Each one of us has the possibility of two different ways of functioning: one is the directed and the other is the spontaneous mode. The two are completely different from each other, but at the same time each has its rightful place. A typical example of the directed mode of thinking and behaviour is making a cup of tea – the point being that I have to know in advance what I want to do, and then work out a way to achieve it. This is a very familiar idea to us – first I have a goal or a purpose or an agenda, and then I have a plan or a method to reach the goal or realize the purpose or meet the agenda, and finally I put the plan or method into action. And then, hopefully, I get the cup of tea!
We are much less familiar with the idea that there is a spontaneous mode of thinking and behaviour but all the same there are many examples that we could give. A basic example that we often hear about is ‘being yourself’ – this is something for which planning and purposefulness have no part to play at all, and in fact if I try to be myself on purpose I invariably find that I spoil it! Another excellent example of the spontaneous mode would be showing kindness to another person – I cannot plan to be kind because kindness is not something that I can turn on and off at will; I can of course go through the motions of being caring but if it is not happening ‘of itself’ then the whole thing is false, calculated and insincere. This gives us another example of the spontaneous mode – sincerity. Sincerity cannot be purposeful because if it was then it would be ‘part of the act’, part of the deliberately manufactured appearance of myself. Deliberate sincerity is in fact the antithesis of sincerity – it is a pretence. So there are lots of things we cannot do on purpose.
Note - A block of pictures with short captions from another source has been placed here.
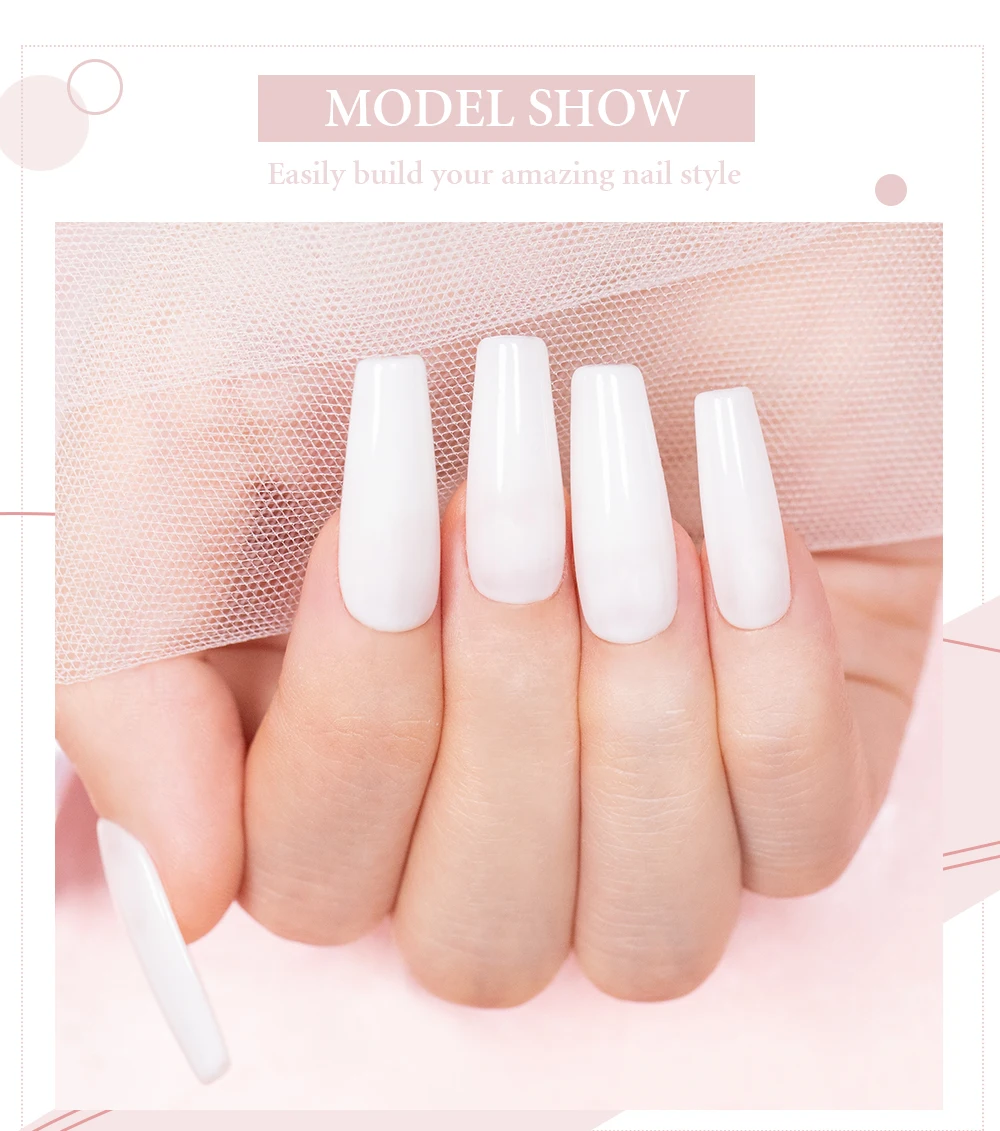 AWStorG Hema Free Poly Nail Gel 30ML Acryl Gel Fingerverlängerung Transparente Nail Art Extension Quick Building Soak Off UV – Detail 6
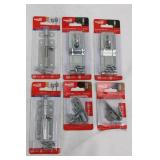 National Hardware Barrel Bolt & Swivel Staple Safety Hasps Assortment (Lot of 6)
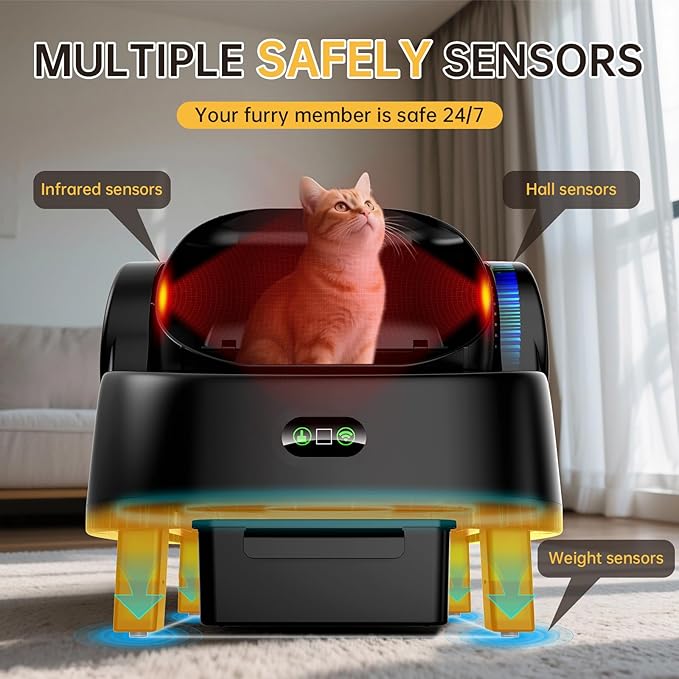 Automatic Self-Cleaning Cat Litter Box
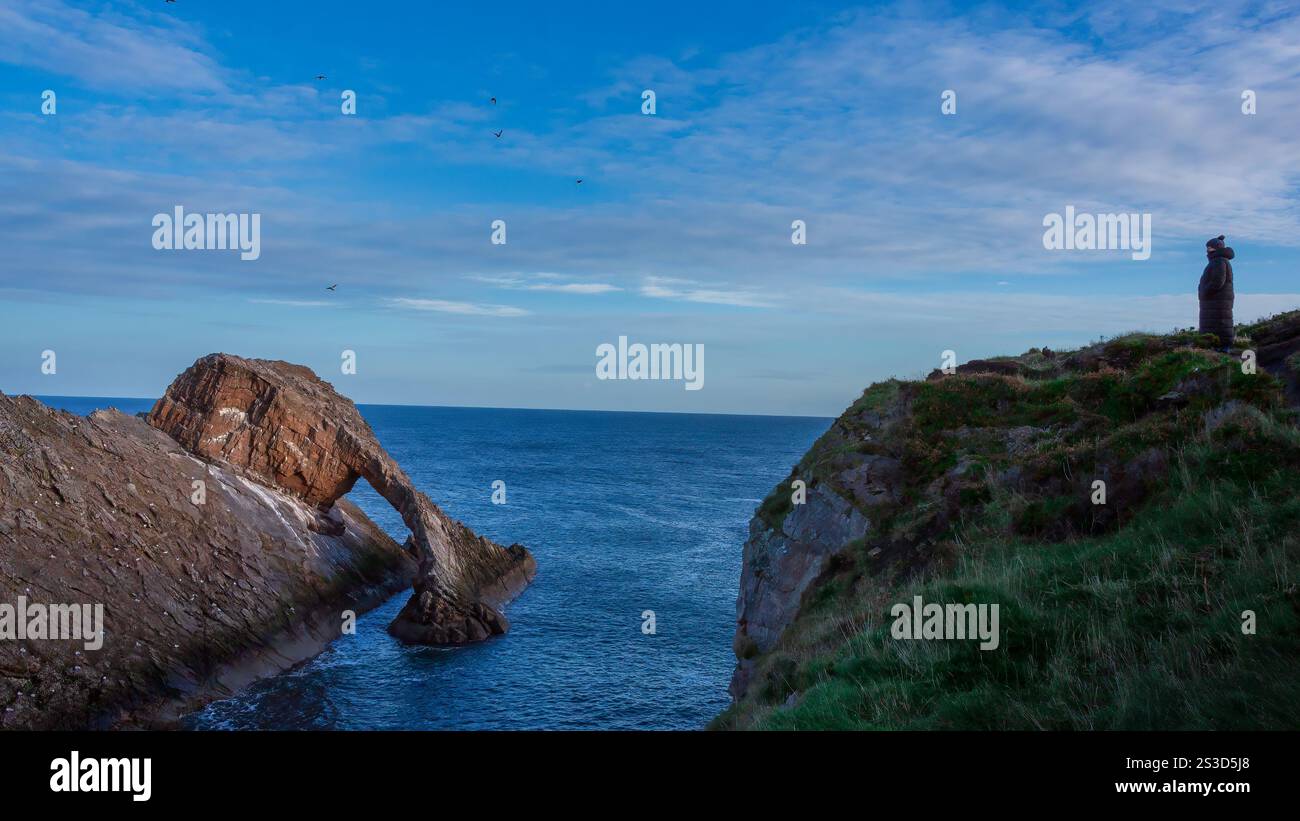 Looking on in awe, Bow Fiddle Rock Stock Photo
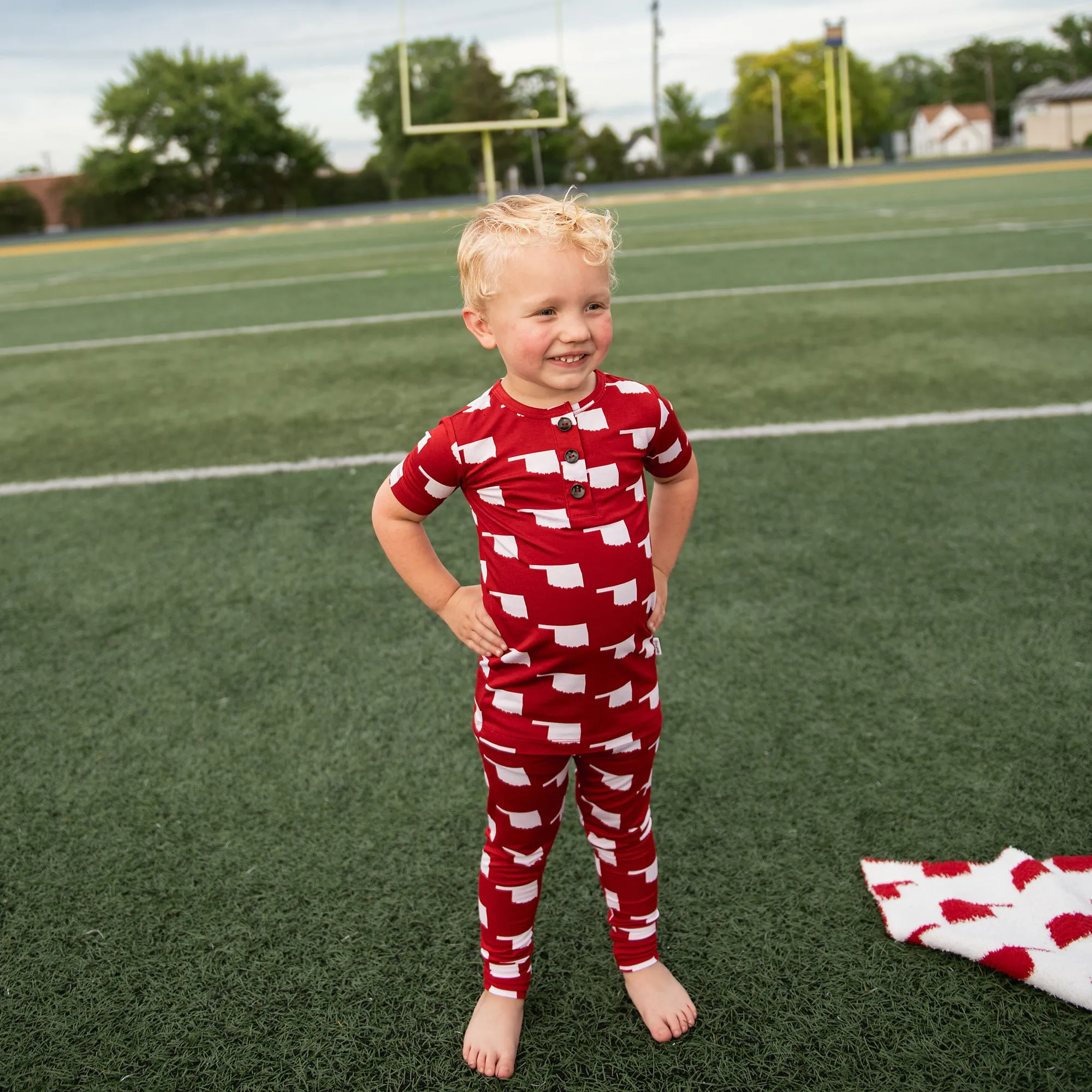 Oklahoma Crimson & White TWO PIECE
One final example of what we are talking about is when I suddenly have insight into something that was bothering me. Normally when I have a problem I try to solve it with directed thinking, which means that I already have some sort of idea about where to look for the answer (i.e. I have already made up my mind about what sort of shape or form that answer is going to have). This deliberate (or ‘controlled’) type of thinking works fine in some cases, but in other cases it is utterly useless because the actual solution to our problem comes from seeing things in a totally different way to the way that we are doing. Directed thinking locks us into our habitual framework of understanding, it is blind to any other (logically unconnected) possibilities. This is why scientists often report that the answer to a riddle they have been pondering comes when they ‘give up’ trying to work it out. Until I give up beating my head against the wall I cannot get any helpful insight, but when I stop trying, then the light suddenly dawns!
ERADICATING UNCERTAINTY
This brings us to a crucial point, which is that there is no way that I can switch from the directed mode to the spontaneous mode on purpose, because everything that I do ‘on purpose’ is part of the directed mode. This may seem fairly obvious, but the fact is that when we are under pressure to solve a problem we never stop to consider that maybe the problem we are trying to fix is unfixable by the directed mode. That just doesn’t occur to us! There is a reason why this should be so and that is because when we are under pressure we are scared, and when we are scared we automatically fall back into the directed mode. The thing about the directed (or purposeful) mode is that it is based on the elimination of risk. I know the result that I want, and I know (or I think I know) how I want to achieve it, and nowhere in this set-ups is there any role for ‘taking risks’.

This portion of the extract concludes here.